Kristen Van Gelder interviews Jonathan Lewinsohn, co-founder of Diameter Capital, a $6 billion credit-focused hedge fund. Lewinsohn explains their all-weather credit strategy, combining research depth with trading speed across investment grade, high yield, and distressed debt. The conversation covers their COVID-19 response, shorting philosophy, and approach to building concentrated positions while maintaining portfolio liquidity.

Key Questions Answered

  • Industry-First Analysis: Diameter starts with top-down industry models before analyzing individual companies. When covering autos in 2007, they built models projecting US car sales would decline from 16 million annually, discovering General Motors couldn't profit below 15.5 million sales. This macro-first approach identified structural fragility before the financial crisis, enabling profitable shorts across the auto supply chain.

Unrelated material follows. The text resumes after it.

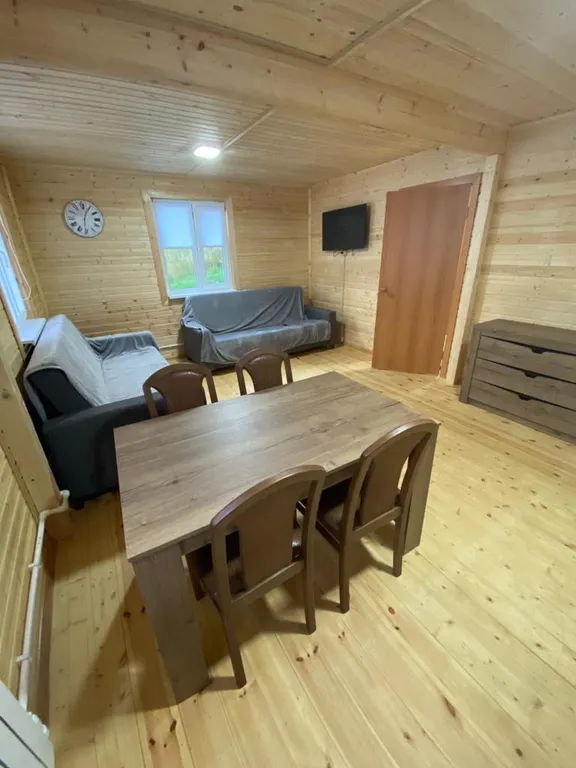 Уютный и просторный дом с видом на горы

  • Liquidity as Alpha: The firm maintains highly liquid portfolios even in bull markets, avoiding illiquid 9% yielding securities that become popular during frothy periods. This positioning enabled them to reduce gross and net exposure rapidly in February 2020, selling cyclical longs in energy and travel within days of Wuhan's shutdown. Liquid books provide flexibility to pivot when macro conditions shift unexpectedly.

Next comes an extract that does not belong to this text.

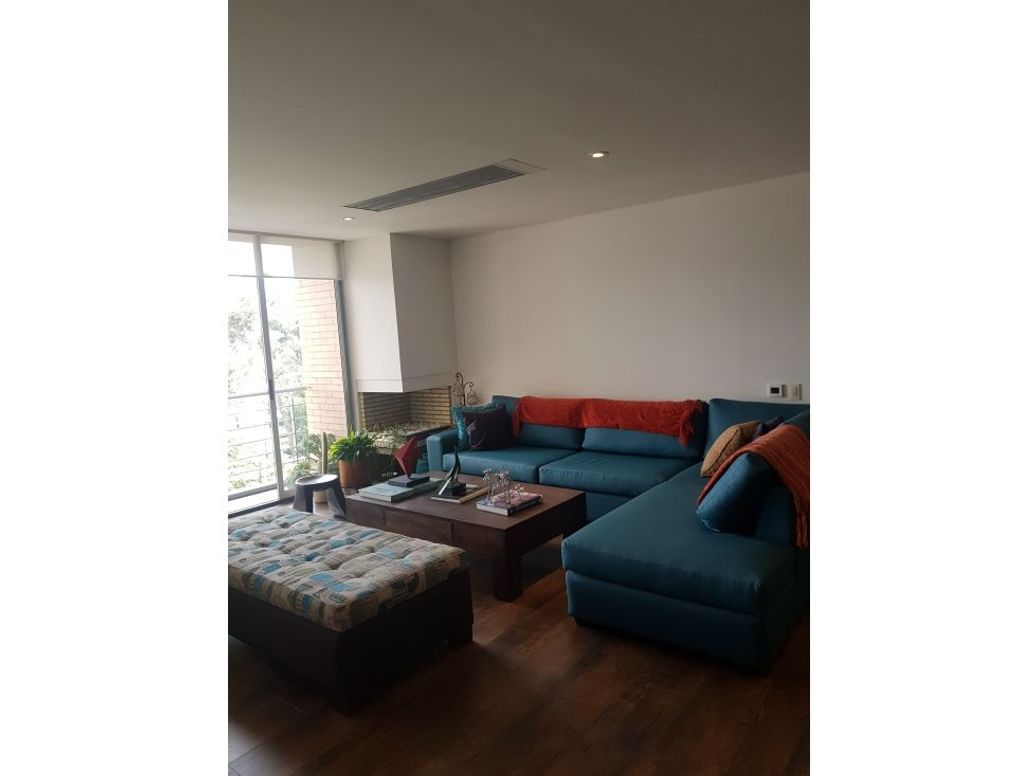 Apartamento de 3 alcobas en venta en El Castillo, Bogotá, 102 m² · foto 2 de 18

  • New Issue Market Access: Diameter reviews every high yield new issue and maintains native relationships with investment banks rather than being tourists in specific credit markets. During April-May 2020, this positioning delivered outsized allocations in the first-ever syndicated rescue market, buying investment grade bonds from Wells Fargo to Sysco Foods at unprecedented spreads when the Federal Reserve backstopped corporate credit markets.
  • Distressed Selectivity: The firm only invests in distressed situations involving cyclical problems, not secular decline. They target companies where they can influence bankruptcy proceedings without controlling 30% positions that prevent exits. During COVID, they invested in Hertz and Europcar rental companies, LatAm airlines, and cruise lines with temporary revenue shocks, avoiding retailers like JCPenney facing permanent structural headwinds.

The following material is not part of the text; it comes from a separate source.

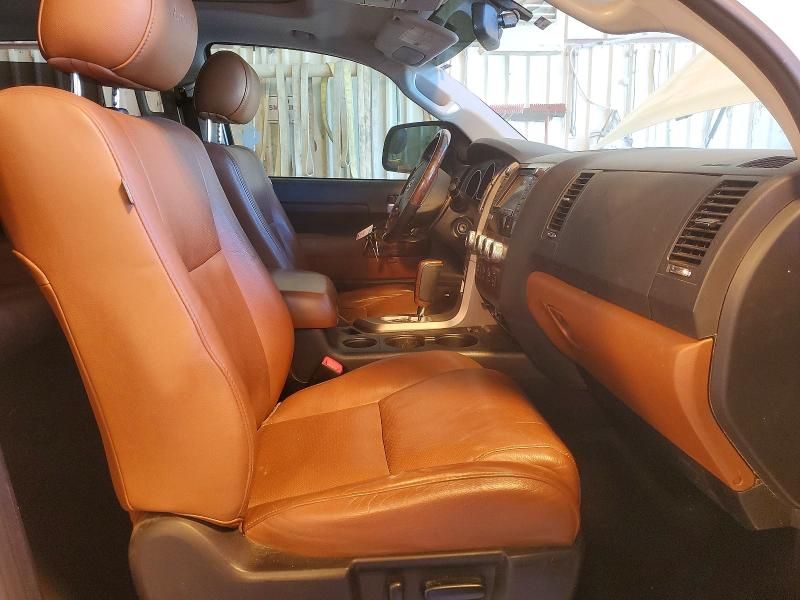 2013 Toyota Tundra Platinum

  • Research-Trading Integration: Portfolio managers work directly with analysts in flat organizational structures, combining fundamental research with real-time market technicals. This structure enables speed of capital deployment, with traders providing immediate answers to banks on positions because the team maintains continuous awareness of preferred industries and securities. The partnership between research depth and trading execution creates one-plus-one-equals-three synergies that larger, hierarchical firms cannot replicate.

Notable Moment

Lewinsohn reveals he called Anchorage Capital from Centerbridge using the alias Tamir Goodman, a Jewish basketball player featured in Sports Illustrated, to discuss markets with his future co-founder Scott Goodwin without alerting colleagues. They met most weekends at Bubby's restaurant in Tribeca with their families, planning Diameter's launch while still employed elsewhere. The conference room is now named after the restaurant.